Work fragmentation is one of the key aspects of BIM, as well as the different locations of the participants and the different agents involved. However, with the advance in Information and Communication Technology (ICT), and in particular cloud computing, work fragmentation can potentially be overcome.

Cloud computing has become increasingly popular in recent years given that it continues to demonstrate the substantial advantages that it provides to the different users of this technology.
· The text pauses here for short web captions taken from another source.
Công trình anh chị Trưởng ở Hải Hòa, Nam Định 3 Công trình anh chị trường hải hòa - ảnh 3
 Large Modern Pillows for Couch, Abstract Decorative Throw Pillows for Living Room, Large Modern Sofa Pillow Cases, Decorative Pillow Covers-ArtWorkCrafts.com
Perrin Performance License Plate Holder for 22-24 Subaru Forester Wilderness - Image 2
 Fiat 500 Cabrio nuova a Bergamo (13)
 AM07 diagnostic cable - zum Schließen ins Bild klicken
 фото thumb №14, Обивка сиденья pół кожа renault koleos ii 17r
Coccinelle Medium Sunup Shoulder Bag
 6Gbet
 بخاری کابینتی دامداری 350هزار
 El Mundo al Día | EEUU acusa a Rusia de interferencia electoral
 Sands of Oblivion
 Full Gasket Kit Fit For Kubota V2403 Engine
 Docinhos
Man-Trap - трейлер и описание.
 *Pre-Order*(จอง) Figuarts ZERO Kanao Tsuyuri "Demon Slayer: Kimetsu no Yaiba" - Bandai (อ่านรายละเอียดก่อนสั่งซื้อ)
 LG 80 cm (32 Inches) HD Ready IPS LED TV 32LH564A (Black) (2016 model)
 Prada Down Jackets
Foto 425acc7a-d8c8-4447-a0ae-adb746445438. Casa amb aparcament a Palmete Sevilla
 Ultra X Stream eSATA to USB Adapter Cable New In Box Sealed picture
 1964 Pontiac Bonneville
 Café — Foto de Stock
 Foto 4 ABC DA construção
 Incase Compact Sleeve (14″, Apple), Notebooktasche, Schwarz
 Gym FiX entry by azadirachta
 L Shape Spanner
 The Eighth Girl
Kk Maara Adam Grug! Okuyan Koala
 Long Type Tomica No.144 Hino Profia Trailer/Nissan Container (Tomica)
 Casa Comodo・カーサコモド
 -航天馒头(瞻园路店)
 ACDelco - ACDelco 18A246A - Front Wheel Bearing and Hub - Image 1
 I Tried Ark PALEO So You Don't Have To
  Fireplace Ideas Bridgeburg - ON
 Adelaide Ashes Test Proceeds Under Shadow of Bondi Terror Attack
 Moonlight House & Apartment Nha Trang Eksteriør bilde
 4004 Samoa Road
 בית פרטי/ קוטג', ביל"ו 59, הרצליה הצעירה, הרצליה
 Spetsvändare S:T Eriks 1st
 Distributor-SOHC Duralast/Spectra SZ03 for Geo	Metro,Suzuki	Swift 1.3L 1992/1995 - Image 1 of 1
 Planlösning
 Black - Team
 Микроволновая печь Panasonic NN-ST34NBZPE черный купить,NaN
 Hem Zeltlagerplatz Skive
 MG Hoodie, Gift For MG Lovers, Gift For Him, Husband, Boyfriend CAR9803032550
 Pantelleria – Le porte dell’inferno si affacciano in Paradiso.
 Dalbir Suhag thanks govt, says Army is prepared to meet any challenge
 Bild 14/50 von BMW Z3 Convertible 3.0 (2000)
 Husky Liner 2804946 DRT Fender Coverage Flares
These advantages are being widely discussed by many researchers and academics worldwide.

There are also risks in using cloud computing technology, security being the main concern. (Chong et al. 2014).

1.3 BIM Training Requirements

It is widely accepted that the evolution of BIM in the construction sector is increasingly affecting the role of professionals in architecture, engineering and construction (AEC) management and the industry (Wang and Leite 2014).

The construction industry and engineering programmes need to incorporate BIM courses that prepare their students with relevant BIM skills and knowledge, so that they are aware of the possible applications of BIM in their future careers in the construction industry and improve productivity. Students will also learn the importance of collaborating with interested parties in planning, as well as the inherent problems of BIM and its application (Ahn et al. 2013).

1.4 Inclusion of BIM in the Education System

The construction industry needs qualified engineers with BIM knowledge and skills, as well as the rest of professionals belonging to the AEC field.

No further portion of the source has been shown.